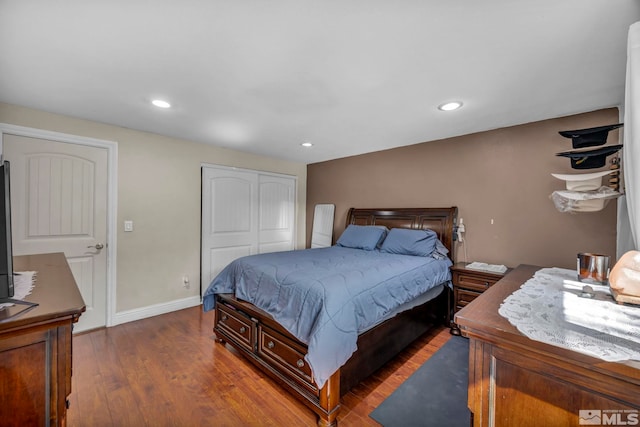 bedroom featuring a closet, recessed lighting, and wood finished floors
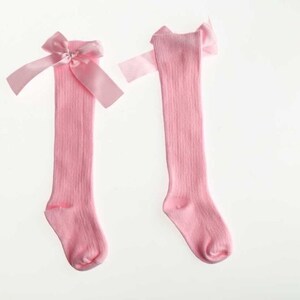 May include: A pair of pink knee-high socks with a pink satin bow at the top.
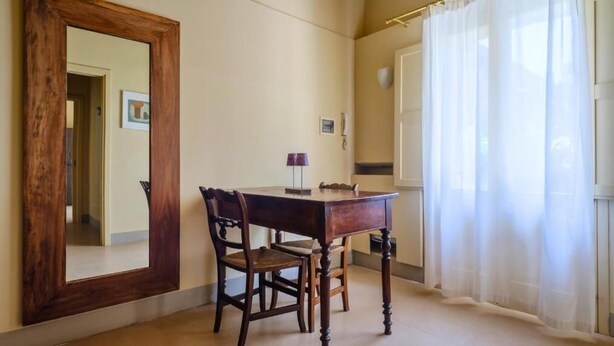 A room with a wooden desk, two chairs, a mirror, and a window with sheer curtains. - Masseria Bernardini (Nardò)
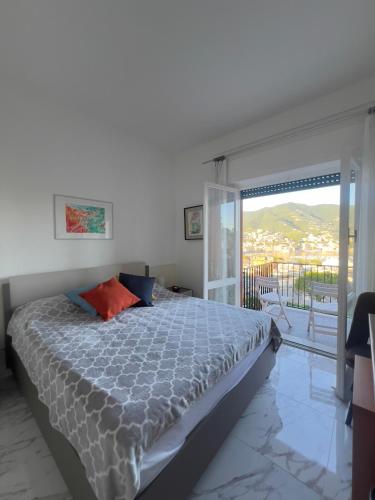 a bedroom with a bed and a sliding glass door at Eurotel 406 in Rapallo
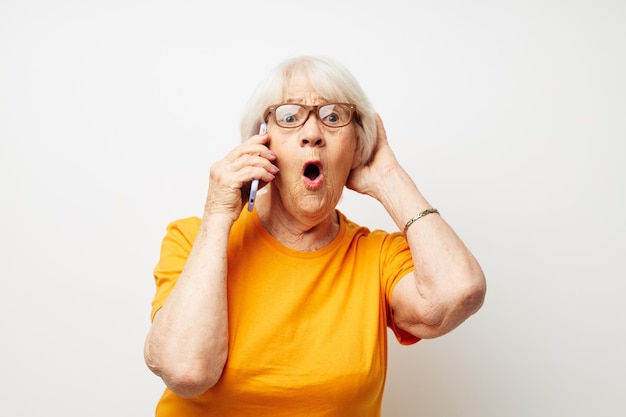 Foto de una anciana jubilada con gafas casuales de camiseta hablando por teléfono de fondo aislado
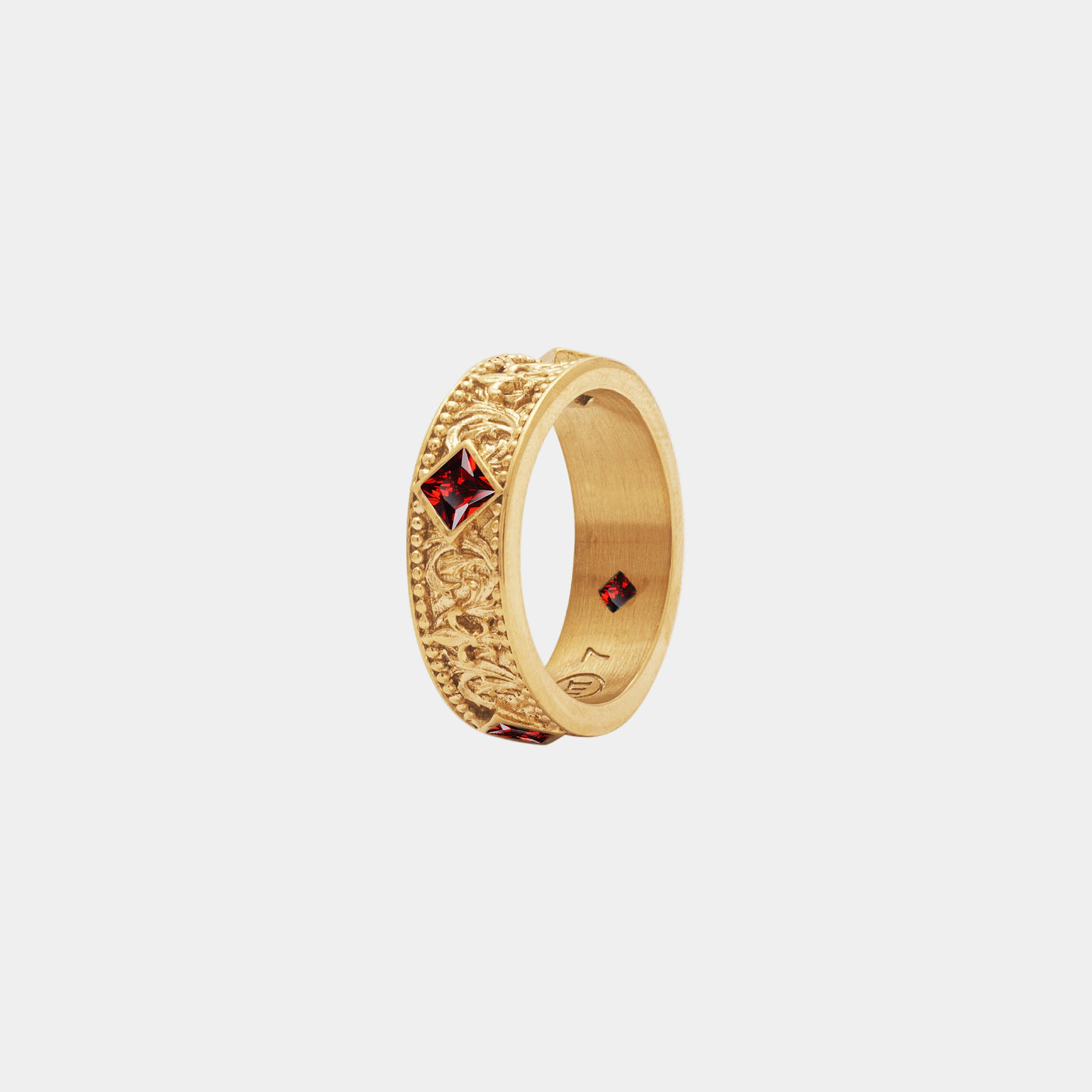 Gold ring with red gemstones on a white background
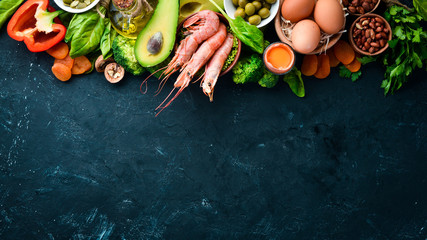 Healthy diet food: spinach, parsley, shrimp, pumpkin seeds, eggs, avocados, broccoli. Top view.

§

WHAT THE EXERCISE ASKS:
Write the listing again exactly, duplicating every line and skipping the pictures.

SOLVED PROBLEM:
 bedroom featuring a closet, recessed lighting, and wood finished floors
 May include: A pair of pink knee-high socks with a pink satin bow at the top.
 A room with a wooden desk, two chairs, a mirror, and a window with sheer curtains. - Masseria Bernardini (Nardò)
 a bedroom with a bed and a sliding glass door at Eurotel 406 in Rapallo
 Foto de una anciana jubilada con gafas casuales de camiseta hablando por teléfono de fondo aislado
 Gold ring with red gemstones on a white background
 Healthy diet food: spinach, parsley, shrimp, pumpkin seeds, eggs, avocados, broccoli. Top view.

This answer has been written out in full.